Twitter knows television

Twitter has recognised social television as an important trend and advertising opportunity.

The newly listed micro-blogging site now offers a variety of ways for advertisers in the USA (and soon, India) to use the platform to inject themselves into the almost live consciousness of television viewers. Not long after a show is aired.

In statements published in May and July this year Twitter announced a product called television ad targeting: “How the world experiences television has fundamentally changed. We no longer watch television as a silent participant, rather as an active voice, sharing the experience as events unfold with people across the globe,” they explained.

“Television ad targeting enables marketers to engage directly with people on Twitter who have been exposed to their ads on television. Synchronized Twitter and television ad campaigns make brand messages more engaging, interactive and measurable.”

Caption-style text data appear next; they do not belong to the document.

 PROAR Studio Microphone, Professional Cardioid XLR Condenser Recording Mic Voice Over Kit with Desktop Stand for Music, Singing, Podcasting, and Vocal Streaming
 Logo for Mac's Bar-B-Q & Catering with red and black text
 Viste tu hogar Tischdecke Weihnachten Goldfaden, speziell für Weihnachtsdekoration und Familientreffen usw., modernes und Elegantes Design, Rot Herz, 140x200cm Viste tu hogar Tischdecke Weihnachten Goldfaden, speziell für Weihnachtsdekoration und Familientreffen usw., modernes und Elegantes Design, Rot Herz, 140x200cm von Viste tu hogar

Wow! This changes the landscape for television advertising significantly, I’m sure you’ll agree.

Twitter uses advanced video fingerprinting technology “to automatically detect when and where a brand’s commercials are running on television.” The service then tracks who tweeted about the specific show in which the commercial aired and shares this information with a brand. This means the brand can then inject itself into the conversation.

Twitter tested the service between May and July and announced: “In our tests with brands like Adidas, Holiday Inn Express, Jaguar and Samsung, advertisers using television ad targeting saw significant improvements to key brand metrics, such as message association and purchase intent.

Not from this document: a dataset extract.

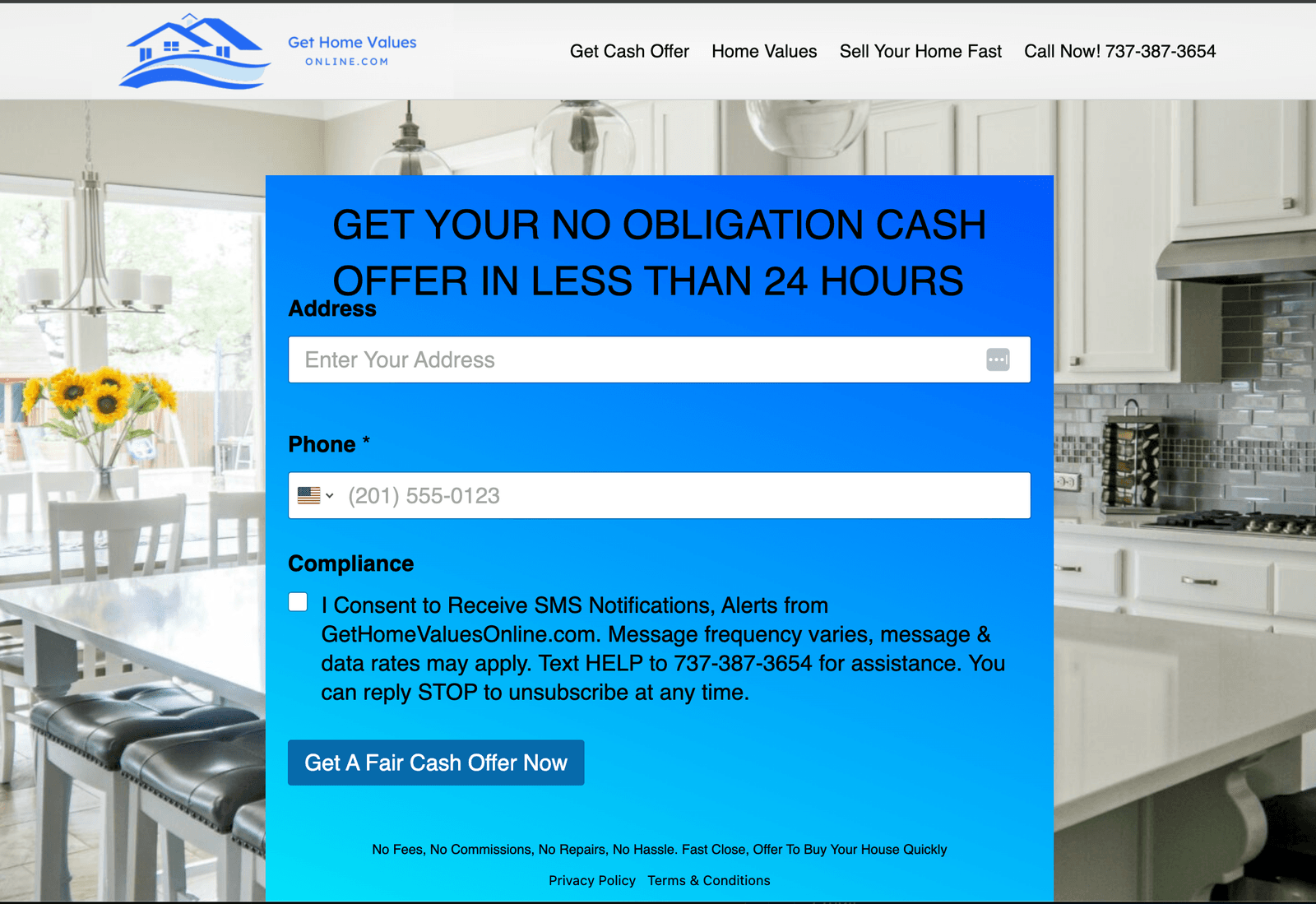 Get Home Values Online website, a no-obligation cash offer form over a kitchen photograph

“During a handful of studies, users that Twitter identified as being exposed on television and then engaged with a promoted tweet, demonstrate 95% stronger message association and 58% higher purchase intent compared to users identified as being exposed on television alone.”

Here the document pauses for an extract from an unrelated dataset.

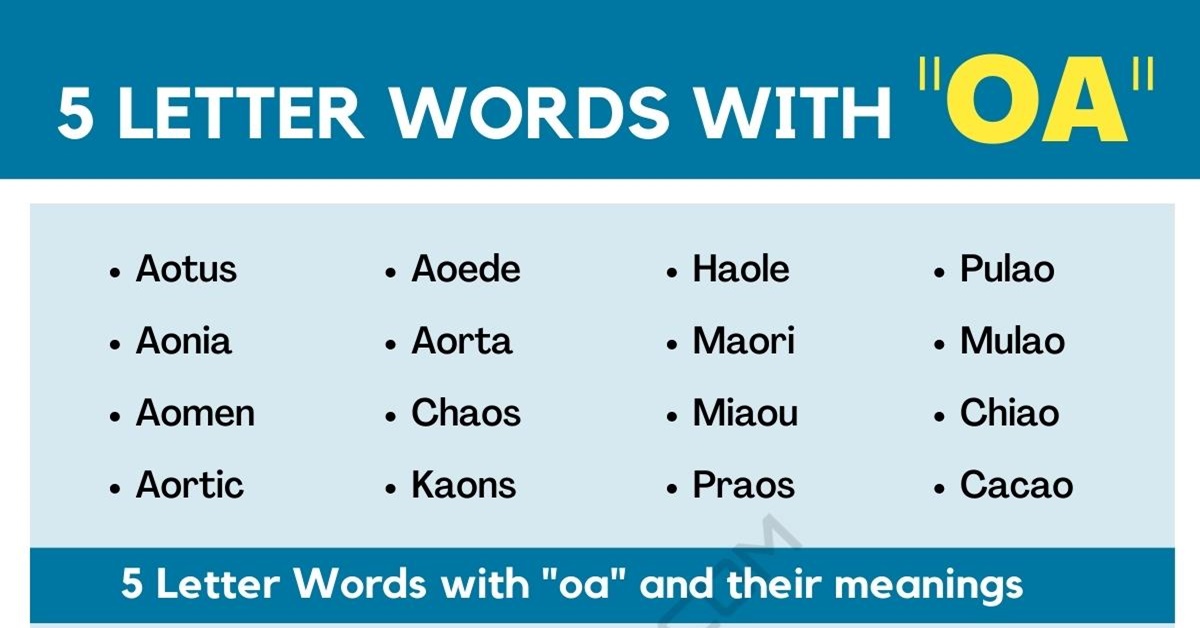 5 letter words ending in oa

Nielsen also got into bed with Twitter and now officially tracks how promoted tweets impact brand metrics with its Nielsen Brand Effect for Twitter product. The research company recently launched Nielsen SocialGuide that found a statistically relevant link exists between live television ratings and related tweets.

But what about South Africa?

Although the Twitter advertising products that make the extension of television advertising possible is really exciting, we cannot yet combine television and Twitter to the extent that American brands can. But Twitter can still amplify your television advertising significantly.

Here are my top two Twitter-plus-television tips:

  1. Use appropriate hash tags in promoted tweets during the show in which you advertise. This will assist you in also reaching consumers on the second screen. (Remember to run your hash tag in your television creative. Create your own brand content with the same hash tag, too.)
  2. Target influential television bloggers with brand content. This means injecting your brand story into the consciousness of television aficionados. (Be careful though. Only run authentic brand content that benefits television viewing. No one needs a hard-sell approach during Breaking Bad. Only use an @ tweet after due consideration. Re-tweeting can work well.)

The Synergies of New and Traditional Media

So once again new and traditional media become strange bedfellows. Who would have thought that the cutting edge of digital communication would grow the value and extend the lifespan of live TV viewership.